The reader goroutine exits when ctx is cancelled, preventing leaks. The buffered channel absorbs bursts; the default case in OnConfigChange prevents a slow reader from blocking the subject.

When to Use

  • Multiple independent components need to react to changes in another component.
  • You want to add new reactions without modifying the thing that changes.
  • The set of listeners is dynamic: subscribers come and go at runtime.

When Not to Use

  • You have exactly one listener and it won't change. A direct function call is simpler.
  • Notification ordering matters. Observer doesn't guarantee order.
  • The observer needs to send data back to the subject, which creates circular dependencies.

The Decision

The decoupling benefit is real. The config package does not import logger or server packages, so dependencies stay clean. The downside is visibility. It is harder to answer "who is listening to this config change?" by just reading the source. Also, if you forget to call Unsubscribe on a long-lived observer, that observer can stay in memory forever.

In concurrent code, the observer list usually needs a sync.RWMutex. notify reads the list while Subscribe and Unsubscribe write to it, and without locking you get race conditions. Those bugs often appear only under real load. A channel-based observer model can avoid direct list locking in some designs, but then you must manage goroutine lifecycle correctly. If a subscriber goroutine never exits, it becomes a permanent leak in long-running processes.

An async notification model (go per observer call) prevents one slow observer from blocking the subject. For example, a slow email send no longer delays a metrics update. The tradeoff is ordering: if two notifications happen close together, a fast observer may process the second one before the first. Channel-based observers can restore in-order delivery per observer (events are read in send order) while still keeping the subject non-blocking. But a slow reader can still fall behind, so you must choose what happens when buffers fill: either buffer more (handle bursts) or drop events (protect subject throughput).

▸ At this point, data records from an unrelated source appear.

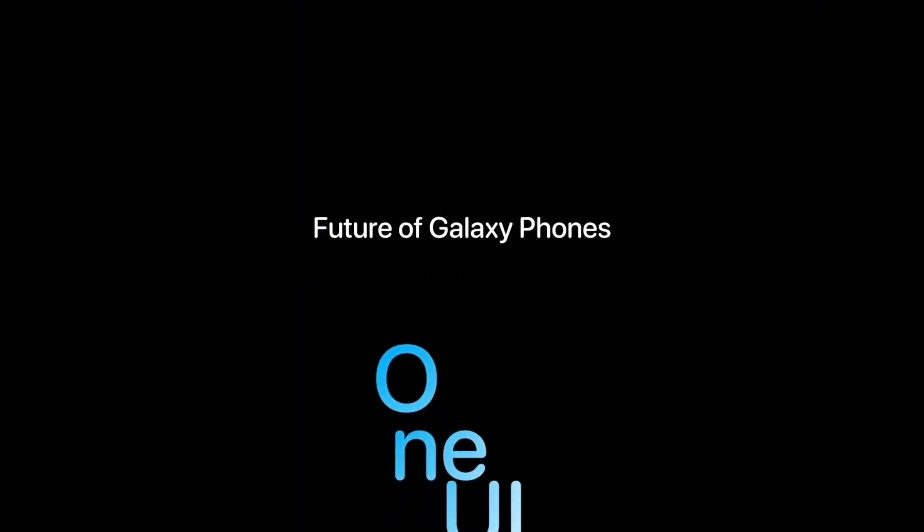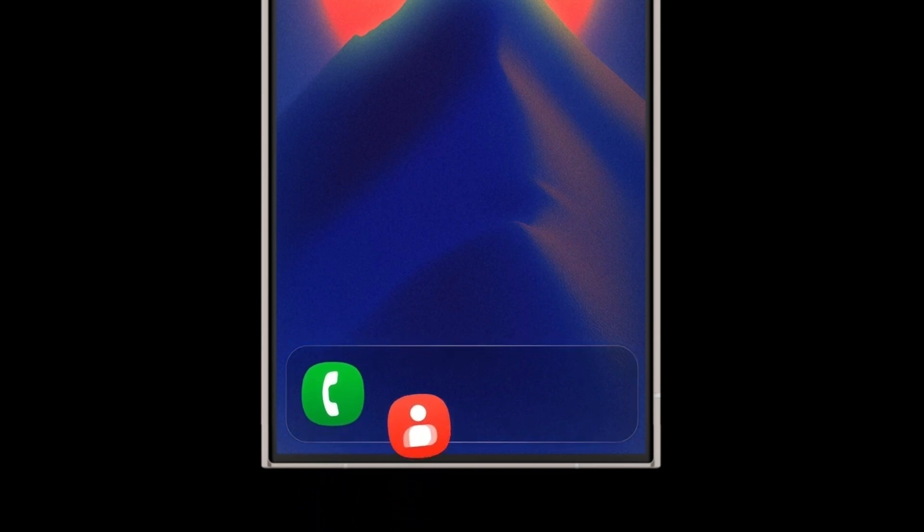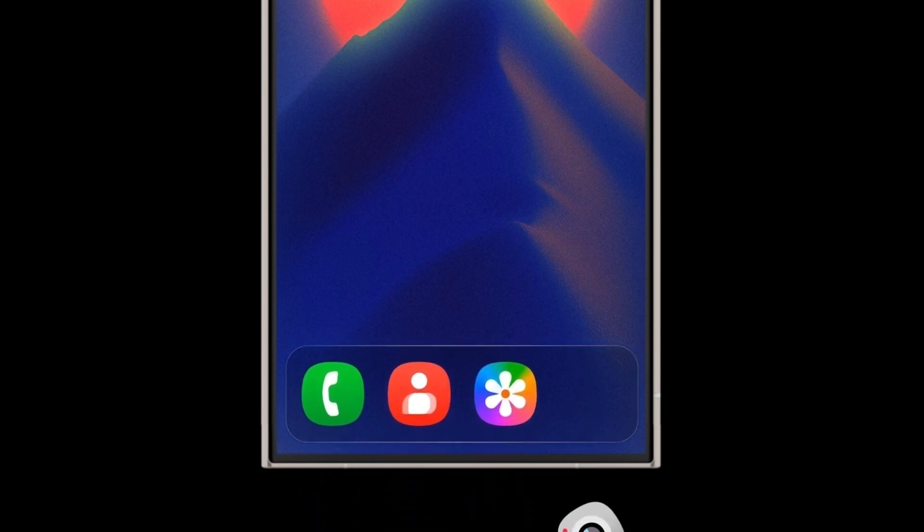Samsung's upcoming One UI 8 update, based on Android 16, is already in development and expected to bring significant improvements across design, performance, and AI integration.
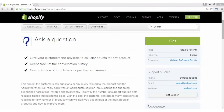Hi and very warm welcome to the video tutorial of Shopify Ask a Question app. In this video tutorial, we will learn about this amazing app called Ask a Question, its installation, configuration, and its functionalities. So let's get started.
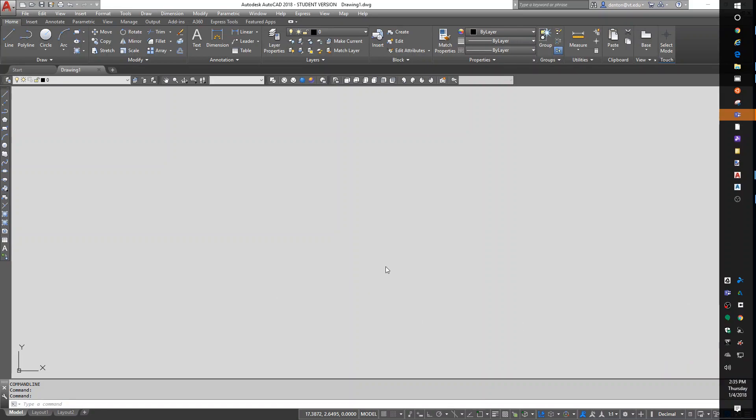Hello, this is Denton Yoder, instructor for BSE 2304, the Biological Systems Engineering CAD class. This is episode number three. We're going to talk about layers, line types, line weights, transparency, a few things like that.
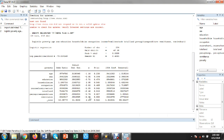Remittance: if a household receives international remittance, the probability of that household being poor will be reduced by the log odds of 0.09. Log odds means the probability of the household being poor divided by the probability of the household being non-poor — this is the log odds ratio.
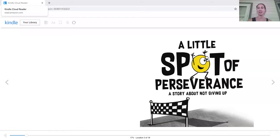Hello, our story today is called A Little Spot of Perseverance, a story about not giving up.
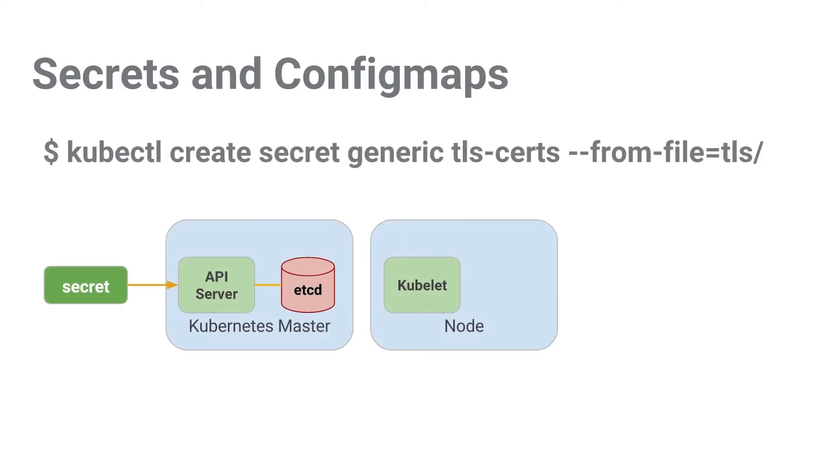Let's talk about secrets. It's really easy to create a secret from a file using the kubectl create secret command. In our example, we've done this, and the Kubernetes master already knows about our secret.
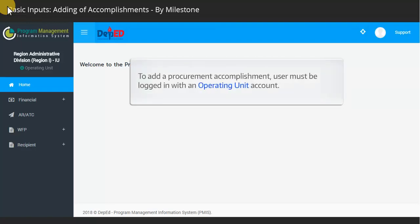To add a procurement accomplishment, user must be logged in with an operating unit account.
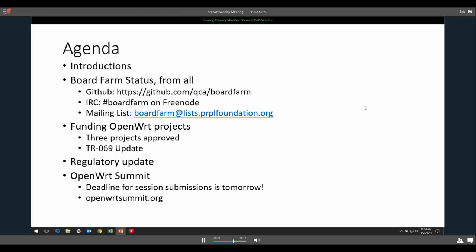I'm talking with Matt and we're looking to submit a joint talk for OpenWRT Summit on board farm - that should be interesting. Moving on to funding OpenWRT projects: we've really approved four of them, but formally three have been approved. We finalized Lucas's contract. One of the other projects we funded was the LuCI scheduling integration - internet access scheduling integration. I emailed August yesterday and he said he's actually done with it and he's going to be submitting it to the LuCI repository for integration. That's very good.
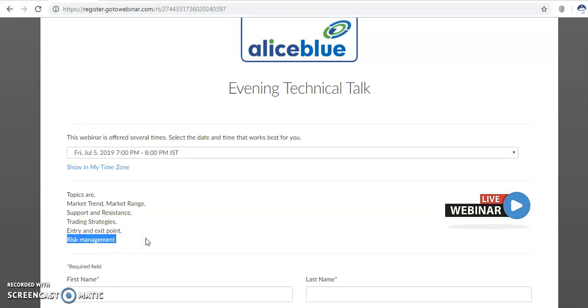Suppose you have one lakh money in your account. In a trade, how much are you going to take risk? We'll discuss directly in this webinar. That is why you just register with us and we'll see you at 7 PM. Thanks for watching. Have a good day.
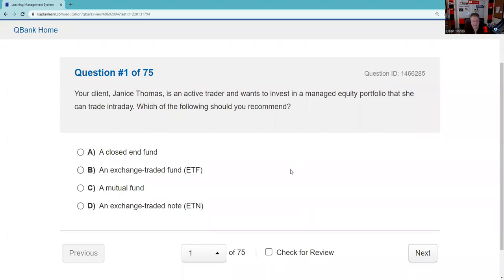Greetings, test takers. This is Dean Tenney coming to you from my studio in fabulous Las Vegas with another explication of an SIE practice exam. You can't have too many practice exams in your study plan. Shout out to Kaplan — if you don't have a Kaplan QBank, I highly recommend it as a paid supplement. You can get 10% off at checkout with my discount code, Guru10. The best free supplement to your paid study materials is my YouTube channel. Let's get started on this exam.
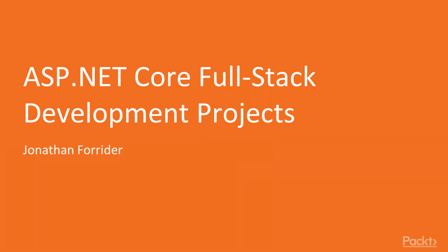Hello, and welcome to ASP.NET Core Full Stack Development Projects. My name is Jonathan Forrider.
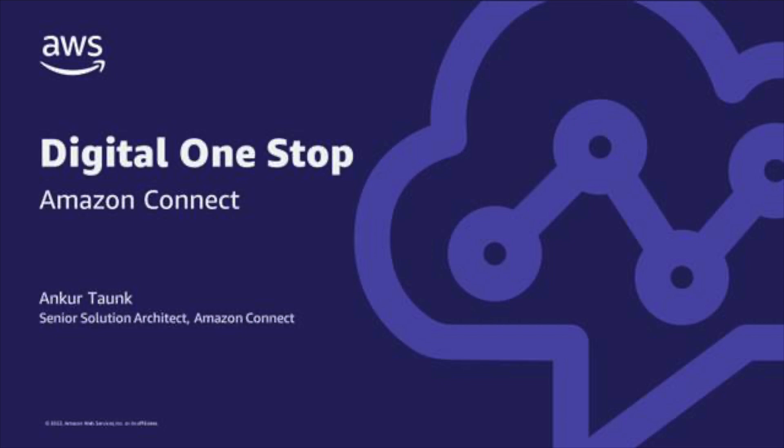Hi, I'm Ankur Taunk, Senior Specialist Solution Architect with AWS. Today, I would like to show you a brief demonstration of how Higher Education institutes could provide a uniform conversation experience to students across multiple communication channels.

  • Mediator: Mediator is better when several peers need to coordinate bidirectionally (each can send and receive through the hub). Prefer Observer when you need one broadcaster and many independent listeners that don't communicate back.
  • Command: Use Command alongside Observer when you need to queue, log, or make event notifications undoable. The Command wraps the notification payload; the Observer dispatches it.